Architecture Control uses the same semantic path as execution:

Architecture State → Architecture Diff → MigrationPlan → Policy Decisions

The Architecture Control UI adds a constrained operational layer. Architecture Review Briefing summarizes reviewer attention from the current scoped report, review status and execution preview before approval or execution:

scope-aware report and review status
compact Architecture Review Briefing
approval artifact creation and verification
execution preview
controlled load execution
target-only execution for TargetDataset scopes
captured execution output
persisted Architecture Execution Records

Execution scopes are explicit:

Scope	Execution behavior
All datasets	Executes all active target datasets with dependency ordering
Schema	Executes selected schema roots with dependency ordering
TargetDataset	Executes the selected TargetDataset with dependency ordering
TargetDataset, target-only	Executes only the selected TargetDataset

The default execution path remains lineage-aware. Target-only execution is available only for TargetDataset scopes and is intended for focused iteration when upstream data is already available.

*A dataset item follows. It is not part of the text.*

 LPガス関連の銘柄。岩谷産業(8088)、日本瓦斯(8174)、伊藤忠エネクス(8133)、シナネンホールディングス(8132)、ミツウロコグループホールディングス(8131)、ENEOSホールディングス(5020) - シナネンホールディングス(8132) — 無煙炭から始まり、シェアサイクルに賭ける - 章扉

Architecture Execution Records capture the audit context of controlled execution:

execution identifier
operator
timestamps and duration
status and message
Architecture Control scope
dependency mode
report fingerprint
approval identifier
preview fingerprint
command invocation metadata
output and error tails
deterministic record fingerprint

🔧 3. Bizcore - Business Semantics as Metadata¶

elevata introduces a dedicated Bizcore layer for modeling business meaning, rules, and calculations as first-class metadata.

Bizcore sits explicitly between Core and Serving:

RAW → STAGE → CORE → BIZCORE → SERVING

🧩 What Bizcore is¶

A business semantics layer, not a technical projection
Explicitly modeled datasets and columns
Deterministically executed like all other datasets
Fully lineage-aware and explainable

Bizcore datasets express:

business concepts (e.g. Customer, Contract, Revenue)
business rules and classifications
derived business identifiers
KPIs and domain logic as dataset fields

🧩 What Bizcore is not¶

No BI semantic layer
No metric store
No query-time metric resolution
No tool-specific abstraction

Bizcore logic is compiled into the same logical plans and SQL as technical datasets, preserving elevata’s guarantees around determinism, transparency, and reproducibility.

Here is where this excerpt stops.